Legends of Tomorrow 6×02: “Meat: The Legends”
Last week was all setup for the season ahead, so this episode jumped straight into doing a traditional case-of-the-week.
This was about as by-the-numbers as Legends get. It’s not even the first time they’ve gone to the 1950’s and spoofed old monster movies (heck, it’s not even the second; anyone remember “Night of the Hawk” from Season 1?). But that comfortable formula was needed, ‘cause this ep was dealing with three new paradigms:
- Spooner is now part of the Legends.
- Aliens are now our baddies du jour.
- Sara is now off in her own side adventure (with Gary).

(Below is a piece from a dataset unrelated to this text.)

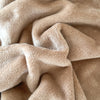A cozy blanket that is tan has a close up to show its detail - Fleece Chic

We needed to see how these played out in the course of a typical episode, if the show can still deliver its usual fun with these changes in the mix.

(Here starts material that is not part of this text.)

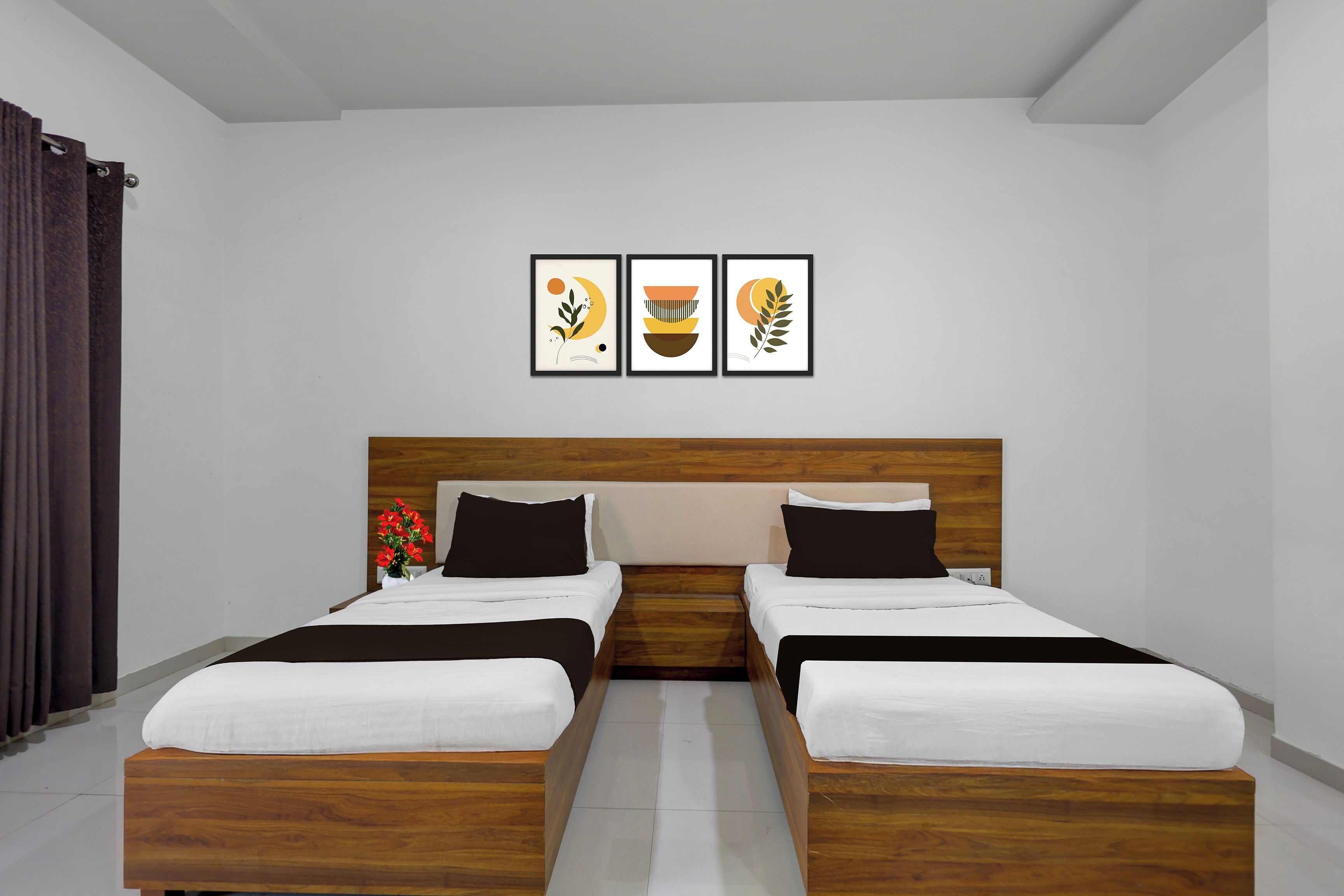 Une chambre avec un lit double doté d’une tête de lit en bois, deux tables de chevet et trois œuvres d’art encadrées accrochées au mur.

And I’d say they did a bang up job!
- Spooner is hardly my favorite (yet) but she’s proving to be interesting and has some nice dynamics with the other characters. Her learning exactly the wrong lesson from her pep talk with Ava (but Ava just rolling with it anyway) was a hoot.
- I love how we spent the last season dealing with the Legions of Hell and the Fates of Greek Mythology, and this season we’re dealing with space aliens, and neither feels at all out of place on this show.
- While I hope Sara isn’t separated from the Legends all season, seeing her in a slow burn mystery plot on an alien world, while Ava gets to step up as captain in her absence? I’m liking it.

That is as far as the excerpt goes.